Онлайн книга - Избранник | Автор книги - Хаим Поток

Cтраница 50
читать онлайн книги бесплатно

— Безумец порушил наши сокровища. Если мы не восполним их здесь, в Америке, то исчезнем как народ.

Потом снова закрыл глаза и замолчал.

Мой отец долго выздоравливал и только в конце мая смог вернуться к преподаванию.

Через два дня после моего годового экзамена у него случился инфаркт. Скорая увезла его в Бруклинскую мемориальную больницу, и там его поместили в двухместную палату этажом ниже моей глазной палаты.

В первые несколько кошмарных дней слепой паники, когда я просто ничего не соображал, за мной присматривала Маня. А потом позвонил рабби Сендерс и предложил пожить в его доме, пока мой отец не поправится. Как я могу жить на попечении одной только экономки? — сказал он. Не могу же я оставаться в квартире один на ночь. А вдруг, оброни Господь, что случится? Это ужасно для мальчика моего возраста — оставаться одному. Они могут поставить в комнату Дэнни еще одну кровать, и я буду спать там. Когда я рассказал об этом отцу, он сказал, что будет мудро принять приглашение. И велел передать рабби Сендерсу, что он очень благодарен за такую доброту.

Первого июля я собрал чемодан и на такси отправился к рабби Сендерсу. Меня поселили в комнате Дэнни.

Глава двенадцатая

С того дня, когда я переступил порог дома рабби Сендерса, и до того дня, когда мы с отцом отправились в наш домик у Пикскилла, где он должен был набраться сил, я был принят в семье Дэнни как родной. Мать, которой из-за слабого сердца приходилось часто отдыхать, всегда подкладывала добавки мне на тарелку. Сестра Дэнни, очень милая девочка (я обратил на это внимание еще при нашем знакомстве) с темными глазами, длинной черной косой и постоянно жестикулирующими руками, особенно когда она говорила, без конца подначивая нас и называя не иначе, как Давидом и Ионафаном [59] . Брат Дэнни, Леви, за столом по-прежнему ковырял вилкой в тарелке или слонялся по дому, как тень. А отец Дэнни был вечно молчалив и рассеян, его темные глаза смотрели отрешенно и задумчиво, словно были устремлены на море страданий, видимое ему одному. Он ходил согнувшись, как будто на плечах его лежала тяжелая ноша. Под глазами у него образовались темные круги, и порой за обеденным столом он неожиданно начинал плакать, вставал из-за стола и выходил на несколько минут из кухни, а потом возвращался и продолжал трапезу. Никто из домашних никогда не заговаривал с ним об этих неожиданных слезах. Я — тем более, хотя они чрезвычайно пугали и смущали меня.

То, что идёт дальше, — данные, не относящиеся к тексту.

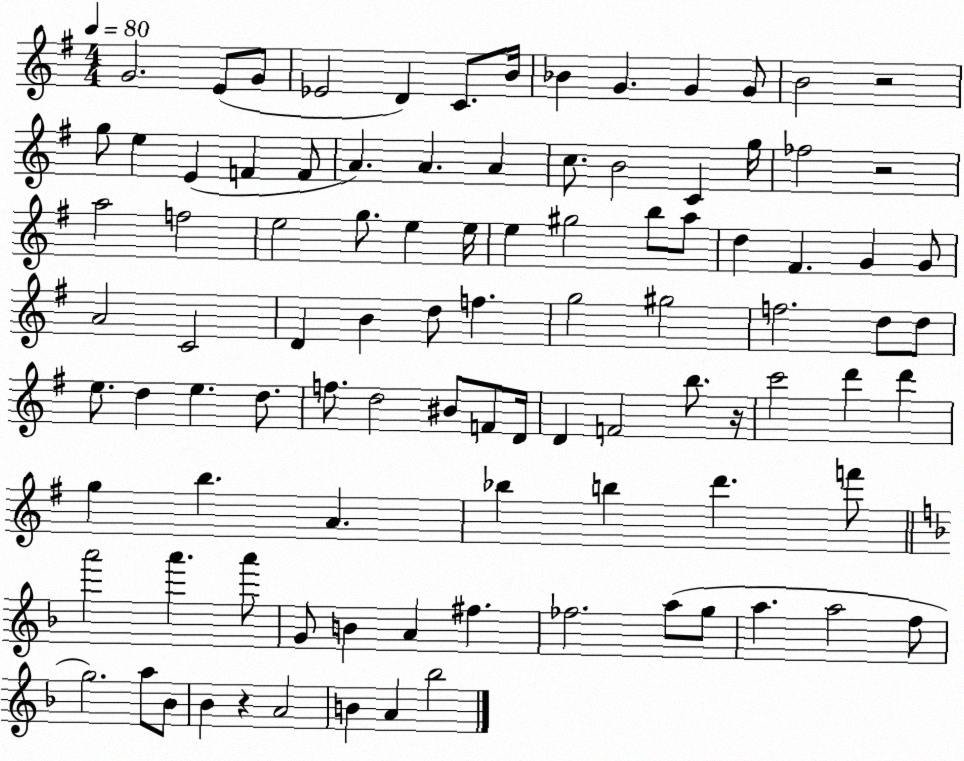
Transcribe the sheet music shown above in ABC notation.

X:1
T:Untitled
M:4/4
L:1/4
K:G
G2 E/2 G/2 _E2 D C/2 B/4 _B G G G/2 B2 z2 g/2 e E F F/2 A A A c/2 B2 C g/4 _f2 z2 a2 f2 e2 g/2 e e/4 e ^g2 b/2 a/2 d ^F G G/2 A2 C2 D B d/2 f g2 ^g2 f2 d/2 d/2 e/2 d e d/2 f/2 d2 ^B/2 F/2 D/4 D F2 b/2 z/4 c'2 d' d' g b A _b b d' f'/2 a'2 a' a'/2 G/2 B A ^f _f2 a/2 g/2 a a2 f/2 g2 a/2 _B/2 _B z A2 B A _b2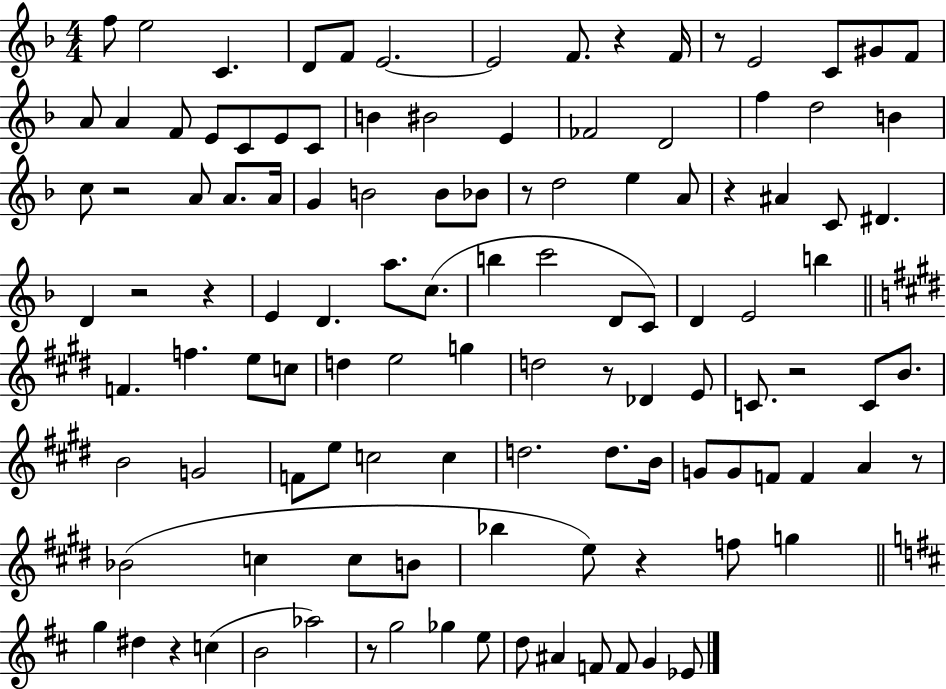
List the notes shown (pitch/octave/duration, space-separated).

F5/e E5/h C4/q. D4/e F4/e E4/h. E4/h F4/e. R/q F4/s R/e E4/h C4/e G#4/e F4/e A4/e A4/q F4/e E4/e C4/e E4/e C4/e B4/q BIS4/h E4/q FES4/h D4/h F5/q D5/h B4/q C5/e R/h A4/e A4/e. A4/s G4/q B4/h B4/e Bb4/e R/e D5/h E5/q A4/e R/q A#4/q C4/e D#4/q. D4/q R/h R/q E4/q D4/q. A5/e. C5/e. B5/q C6/h D4/e C4/e D4/q E4/h B5/q F4/q. F5/q. E5/e C5/e D5/q E5/h G5/q D5/h R/e Db4/q E4/e C4/e. R/h C4/e B4/e. B4/h G4/h F4/e E5/e C5/h C5/q D5/h. D5/e. B4/s G4/e G4/e F4/e F4/q A4/q R/e Bb4/h C5/q C5/e B4/e Bb5/q E5/e R/q F5/e G5/q G5/q D#5/q R/q C5/q B4/h Ab5/h R/e G5/h Gb5/q E5/e D5/e A#4/q F4/e F4/e G4/q Eb4/e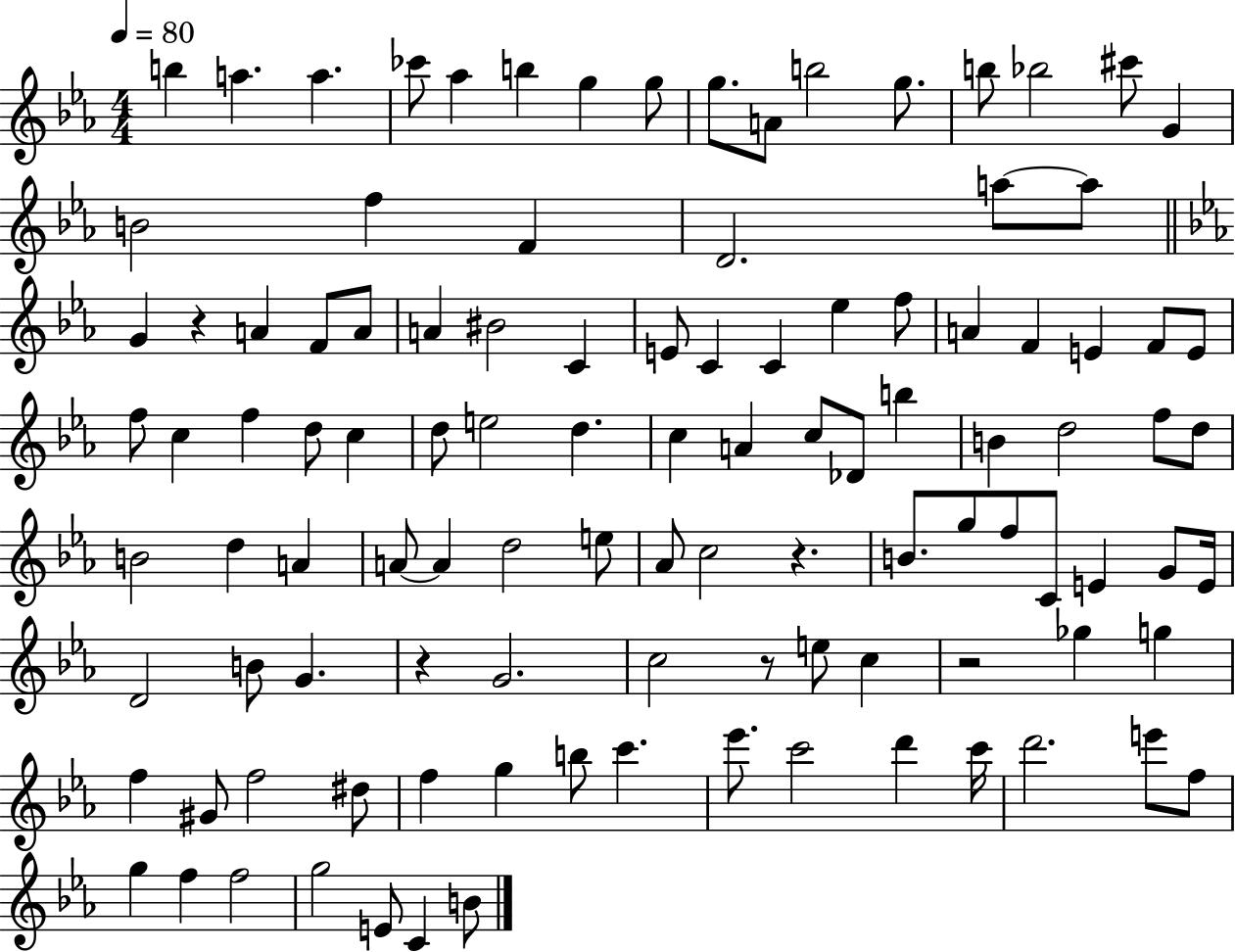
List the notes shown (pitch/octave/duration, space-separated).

B5/q A5/q. A5/q. CES6/e Ab5/q B5/q G5/q G5/e G5/e. A4/e B5/h G5/e. B5/e Bb5/h C#6/e G4/q B4/h F5/q F4/q D4/h. A5/e A5/e G4/q R/q A4/q F4/e A4/e A4/q BIS4/h C4/q E4/e C4/q C4/q Eb5/q F5/e A4/q F4/q E4/q F4/e E4/e F5/e C5/q F5/q D5/e C5/q D5/e E5/h D5/q. C5/q A4/q C5/e Db4/e B5/q B4/q D5/h F5/e D5/e B4/h D5/q A4/q A4/e A4/q D5/h E5/e Ab4/e C5/h R/q. B4/e. G5/e F5/e C4/e E4/q G4/e E4/s D4/h B4/e G4/q. R/q G4/h. C5/h R/e E5/e C5/q R/h Gb5/q G5/q F5/q G#4/e F5/h D#5/e F5/q G5/q B5/e C6/q. Eb6/e. C6/h D6/q C6/s D6/h. E6/e F5/e G5/q F5/q F5/h G5/h E4/e C4/q B4/e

В этот месяц мы все делали вместе. Вставали незадолго до семи, спускались вниз в синагогу на утреннюю службу с общиной, завтракали с семьей, затем выходили на заднее крыльцо, если позволяла погода, или шли в его комнату, если не позволяла, и все утро занимались Талмудом. После обеда мы уходили в библиотеку и проводили там первые послеобеденные часы. Дэнни читал Фрейда, а я занимался символической логикой. И там, в библиотеке, мы наконец говорили обо всем, о чем не успевали поговорить в течение года. Затем, около пяти, мы садились в трамвай и ехали в бруклинскую Мемориальную больницу навестить моего отца. Потом возвращались домой ужинать, а вечера проводили или в гостиной, болтая с матерью и сестрой Дэнни или спокойно читая (Дэнни в эти вечерние часы читал принесенные мной книги), или, если отец оказывался свободен, поднимались к нему, чтобы изучать Талмуд или дискутировать. Но рабби Сендерс редко оказывался свободен. Поток посетителей, поднимающихся к нему на третий этаж, казался бесконечным, и ко времени ужина он всегда был просто изнурен. Он сидел за столом с мрачным видом, погруженный в свои мысли, а однажды за ужином я увидел, как слезы медленно катятся у него из глаз и теряются в завитках бороды. Но на сей раз он не поднялся из-за стола, а так и сидел, тихо плача, и никто не произнес ни слова. Наконец он вытер глаза платком, судорожно вздохнул и снова принялся за еду.

За весь месяц, что я провел в доме у рабби Сендерса, я ни разу не видел, чтобы он говорил с Дэнни о чем-либо, кроме Талмуда. Между ним и сыном никогда не было простого, домашнего, человеческого разговора. Казалось, что они физически неспособны говорить друг с другом о заурядных вещах. Это очень смущало меня, но я молчал.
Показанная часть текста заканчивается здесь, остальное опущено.